RECORDED DATA:
━━━━

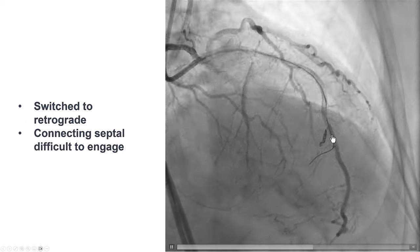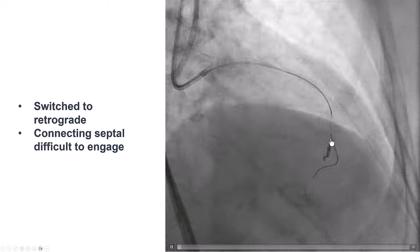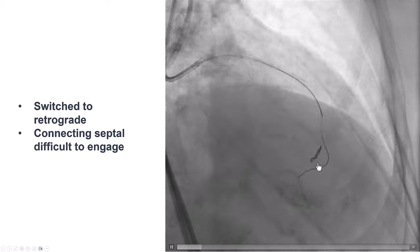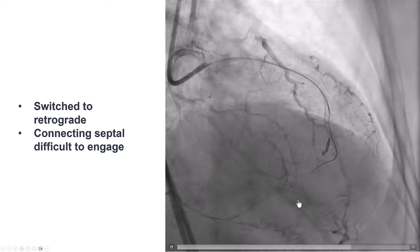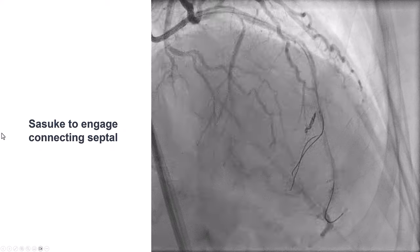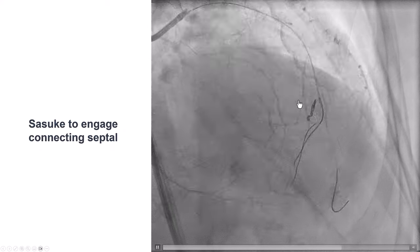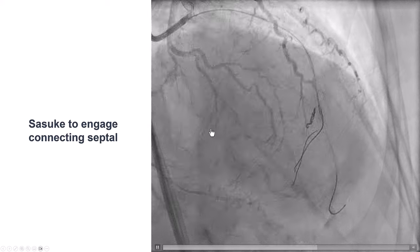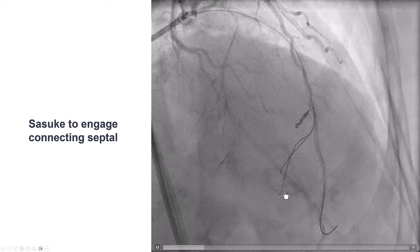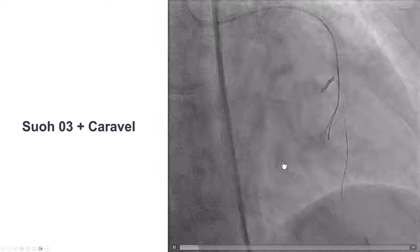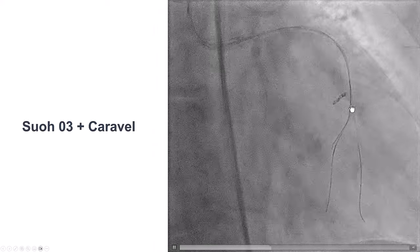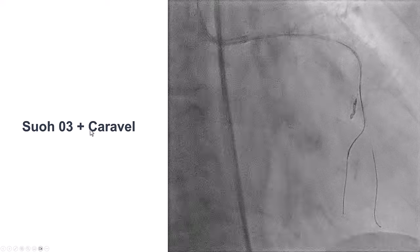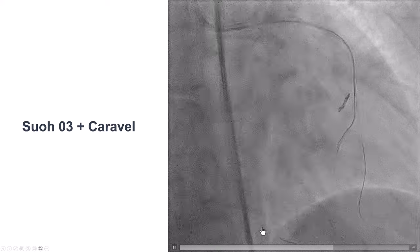We decided to switch to the retrograde approach. This time we were very careful to select the right collateral, but the wire kept entering a septal that was not connecting with the PDA. After multiple attempts, we left one wire in place to mark where not to go, then used a dual-lumen microcatheter — a Sasuke — to advance the guide wire to the septal that was actually connecting.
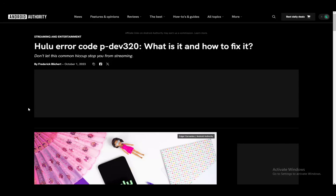Hey everybody, what is going on? I hope you guys are all doing well and welcome to another tutorial video. In this video, I'll be explaining to you guys what the Hulu error code PDEV320 is and how you can fix it. So let's get right into it.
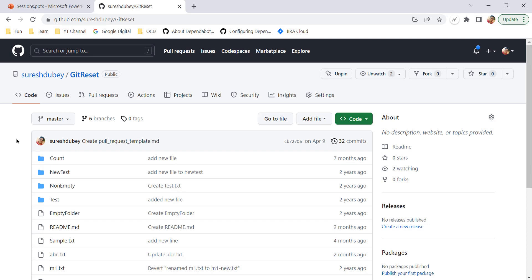Be sure to be on the branch from which you want to create a new branch. This is very, very important, otherwise you may face a situation where some files are missing or your branch does not have the code base you are expecting. The second important concept is: it is always recommended to create a new branch from the default branch, whether it is master, main, or any other branch.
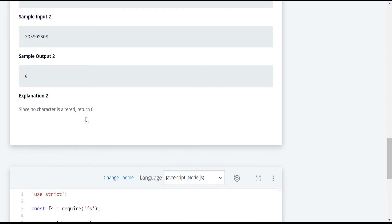In the next example, the string is SOSSOSSOS. Just by seeing the string, we can say that we have received it in perfect order — SOS, SOS, SOS. There are no characters affected by the cosmic radiation, so the output is going to be zero. We need to return zero in this case.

━━━━

ACTIVITY: Copy out the data above to the letter, and keep every picture out of it.

RESPONSE TO THE TASK:
We decided to switch to the retrograde approach. This time we were very careful to select the right collateral, but the wire kept entering a septal that was not connecting with the PDA. After multiple attempts, we left one wire in place to mark where not to go, then used a dual-lumen microcatheter — a Sasuke — to advance the guide wire to the septal that was actually connecting.
Hey everybody, what is going on? I hope you guys are all doing well and welcome to another tutorial video. In this video, I'll be explaining to you guys what the Hulu error code PDEV320 is and how you can fix it. So let's get right into it.
Be sure to be on the branch from which you want to create a new branch. This is very, very important, otherwise you may face a situation where some files are missing or your branch does not have the code base you are expecting. The second important concept is: it is always recommended to create a new branch from the default branch, whether it is master, main, or any other branch.
In the next example, the string is SOSSOSSOS. Just by seeing the string, we can say that we have received it in perfect order — SOS, SOS, SOS. There are no characters affected by the cosmic radiation, so the output is going to be zero. We need to return zero in this case.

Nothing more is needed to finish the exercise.